**Try it:** Please set down, unchanged, each line from the one with "Once you have" to the final line of the data below, both included. Drop the pictures.

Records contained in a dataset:
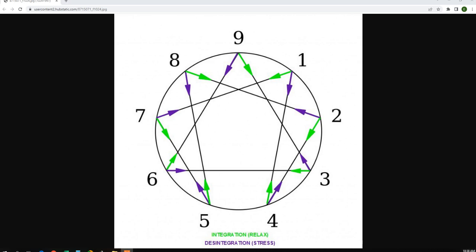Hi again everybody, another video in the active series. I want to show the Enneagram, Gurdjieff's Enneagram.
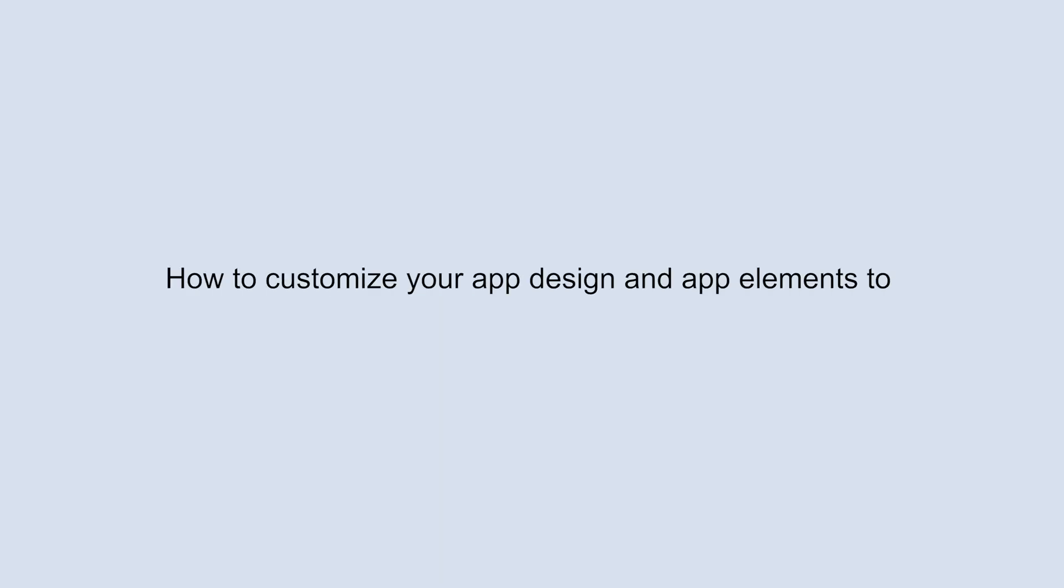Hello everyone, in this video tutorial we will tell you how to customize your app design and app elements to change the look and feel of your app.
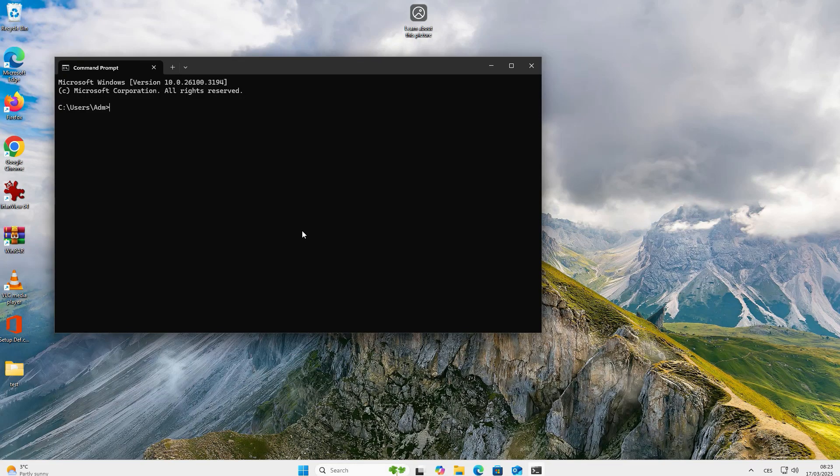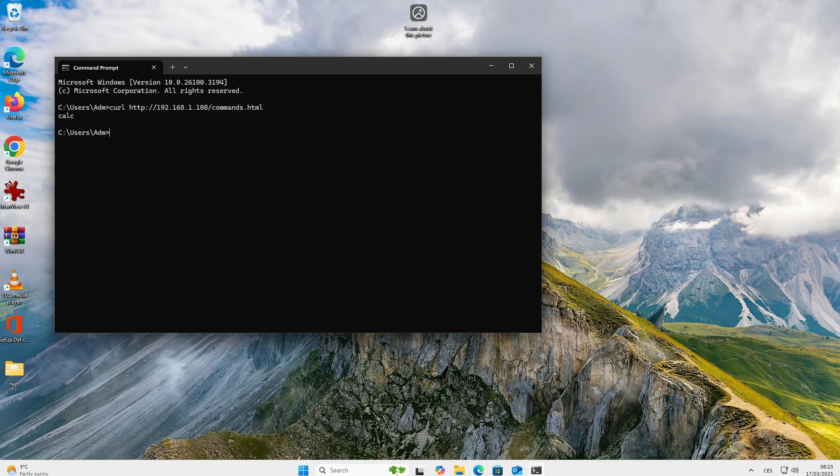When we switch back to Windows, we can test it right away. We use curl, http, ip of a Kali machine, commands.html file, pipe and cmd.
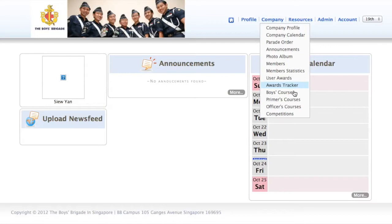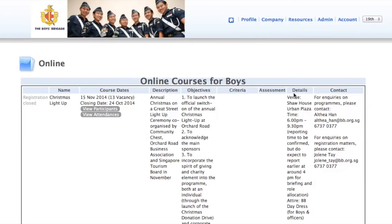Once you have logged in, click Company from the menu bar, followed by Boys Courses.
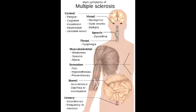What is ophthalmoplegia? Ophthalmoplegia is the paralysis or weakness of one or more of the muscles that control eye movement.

**Written solution:**
Once you have logged in, click Company from the menu bar, followed by Boys Courses.
What is ophthalmoplegia? Ophthalmoplegia is the paralysis or weakness of one or more of the muscles that control eye movement.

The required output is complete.